**Task requirements**
Find "These are deep-fried" below and begin at its line; stop after the line with "In this step, the". Output those lines exactly, without pictures.

**Given data**

::::::

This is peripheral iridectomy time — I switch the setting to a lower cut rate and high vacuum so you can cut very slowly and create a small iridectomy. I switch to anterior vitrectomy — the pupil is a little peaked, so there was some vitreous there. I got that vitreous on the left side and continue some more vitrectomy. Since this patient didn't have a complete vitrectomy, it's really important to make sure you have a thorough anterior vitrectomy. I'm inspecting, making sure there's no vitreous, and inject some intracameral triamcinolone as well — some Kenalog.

::::::

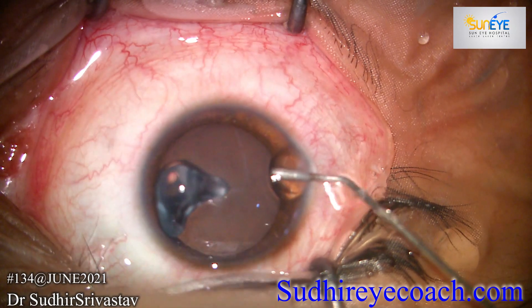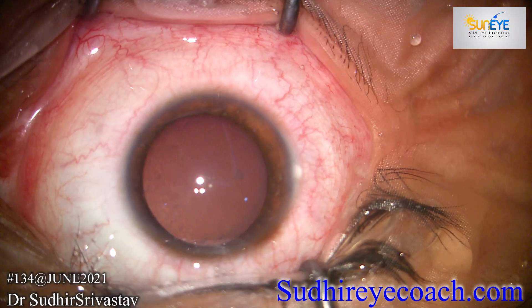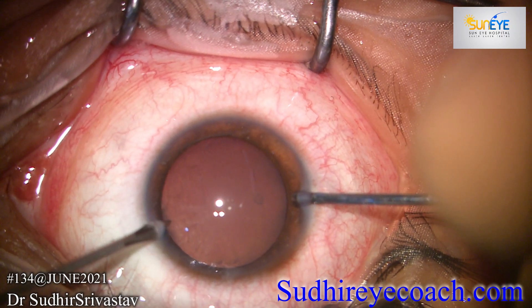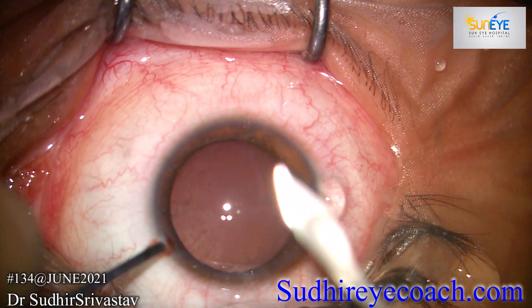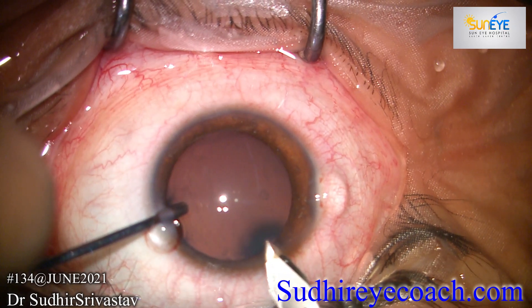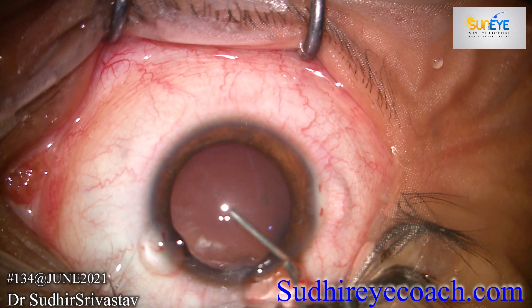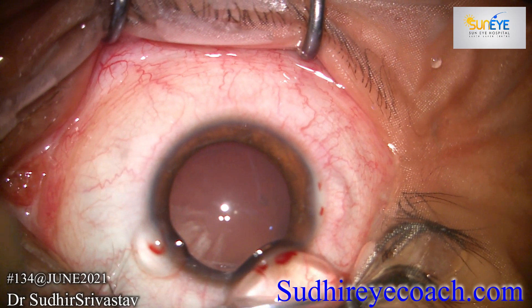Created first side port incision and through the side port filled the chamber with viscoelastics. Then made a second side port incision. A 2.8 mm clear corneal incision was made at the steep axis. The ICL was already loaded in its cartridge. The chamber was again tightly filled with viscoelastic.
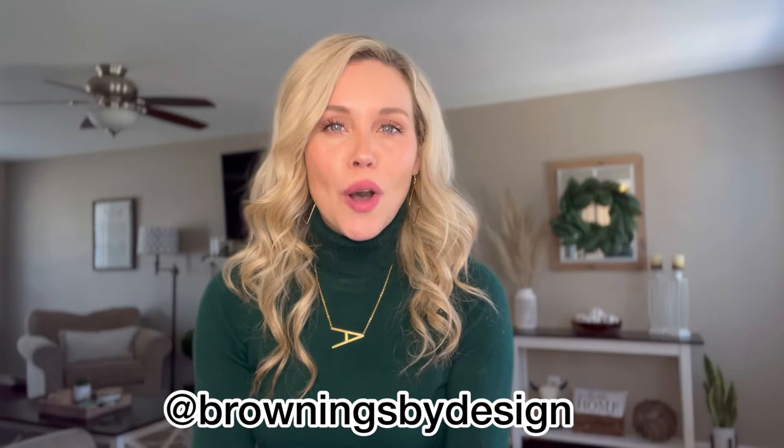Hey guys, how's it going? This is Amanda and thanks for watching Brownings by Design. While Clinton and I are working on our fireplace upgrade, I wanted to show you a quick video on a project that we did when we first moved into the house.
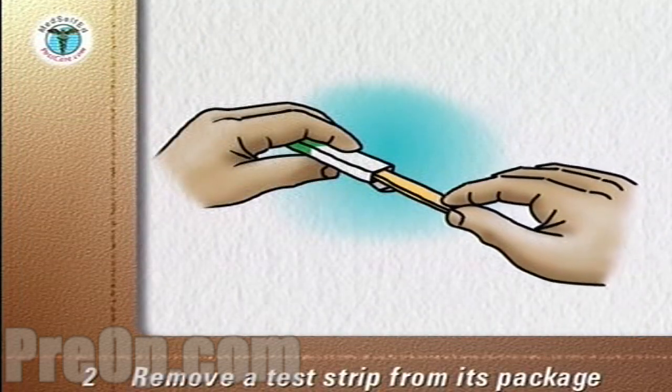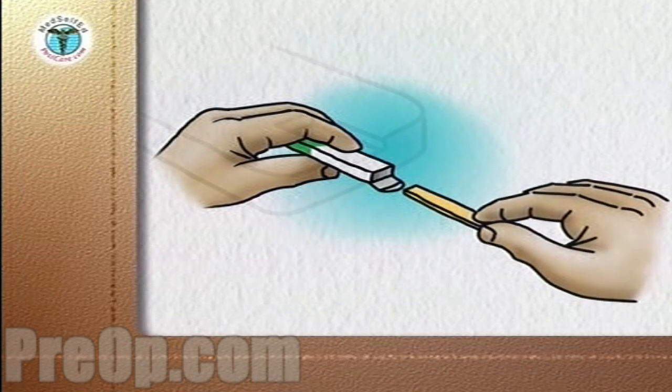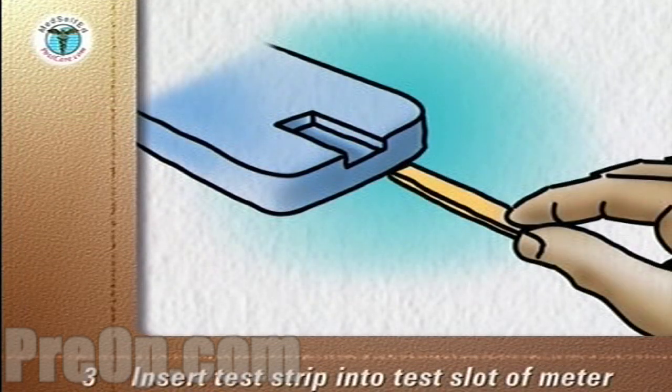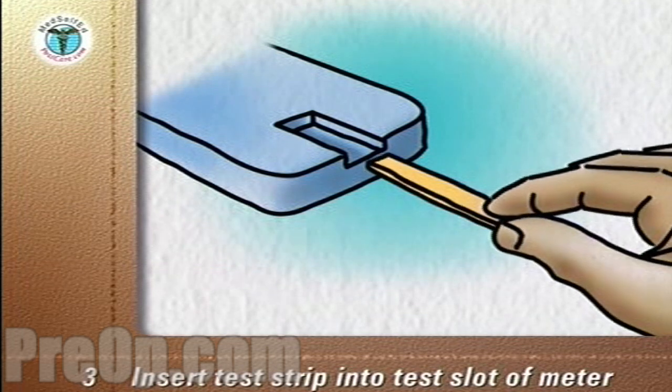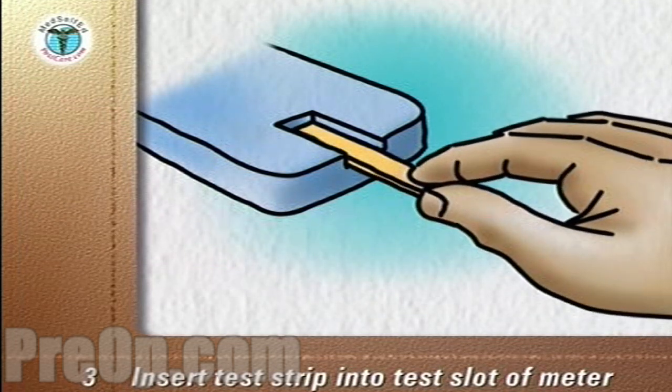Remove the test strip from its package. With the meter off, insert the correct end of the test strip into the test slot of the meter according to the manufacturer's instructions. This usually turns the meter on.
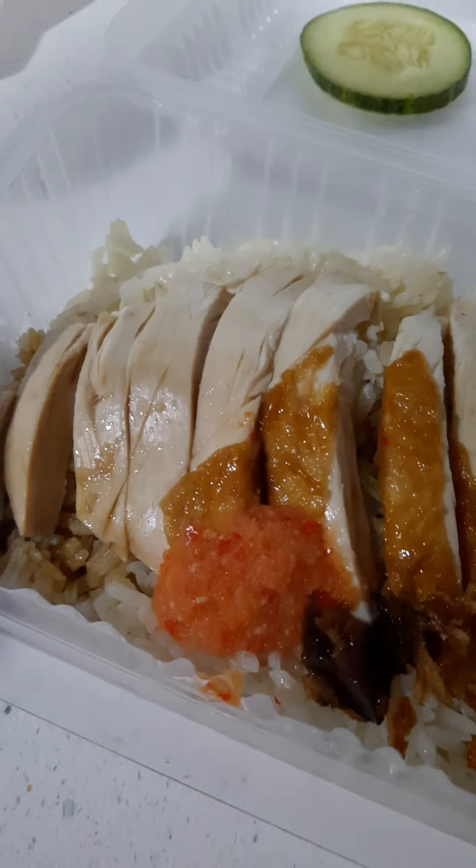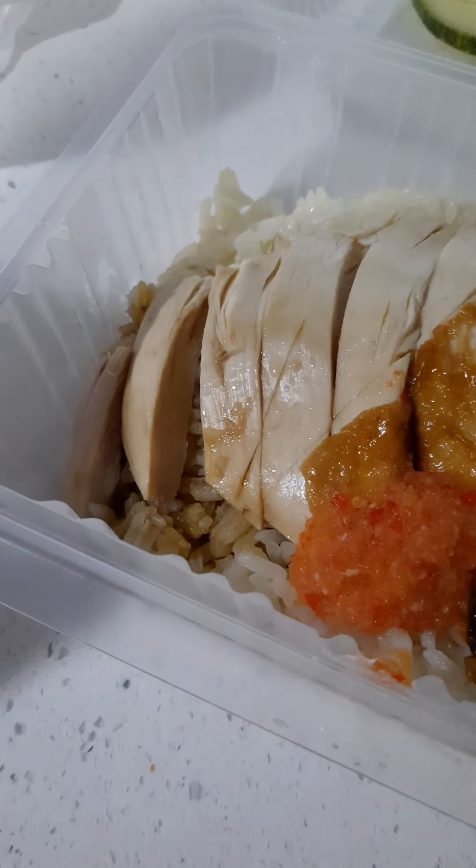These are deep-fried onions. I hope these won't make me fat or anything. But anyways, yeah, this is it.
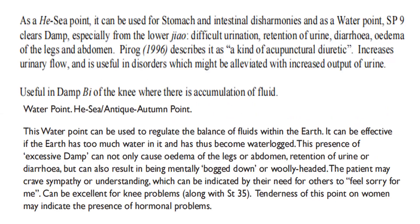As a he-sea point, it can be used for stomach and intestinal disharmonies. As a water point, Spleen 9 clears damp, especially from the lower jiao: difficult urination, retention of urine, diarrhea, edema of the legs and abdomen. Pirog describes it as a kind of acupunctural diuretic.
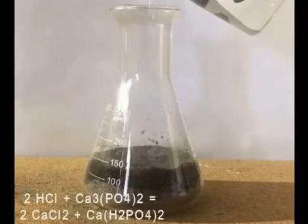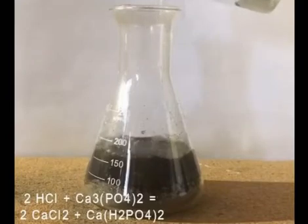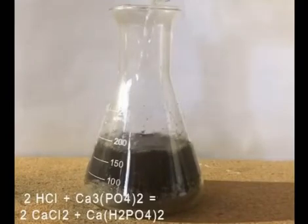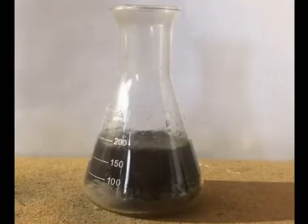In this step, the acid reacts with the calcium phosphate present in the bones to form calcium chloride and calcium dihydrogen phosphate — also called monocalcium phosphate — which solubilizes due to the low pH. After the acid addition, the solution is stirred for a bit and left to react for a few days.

::::::

**Result of this exercise**
These are deep-fried onions. I hope these won't make me fat or anything. But anyways, yeah, this is it.
As a he-sea point, it can be used for stomach and intestinal disharmonies. As a water point, Spleen 9 clears damp, especially from the lower jiao: difficult urination, retention of urine, diarrhea, edema of the legs and abdomen. Pirog describes it as a kind of acupunctural diuretic.
In this step, the acid reacts with the calcium phosphate present in the bones to form calcium chloride and calcium dihydrogen phosphate — also called monocalcium phosphate — which solubilizes due to the low pH. After the acid addition, the solution is stirred for a bit and left to react for a few days.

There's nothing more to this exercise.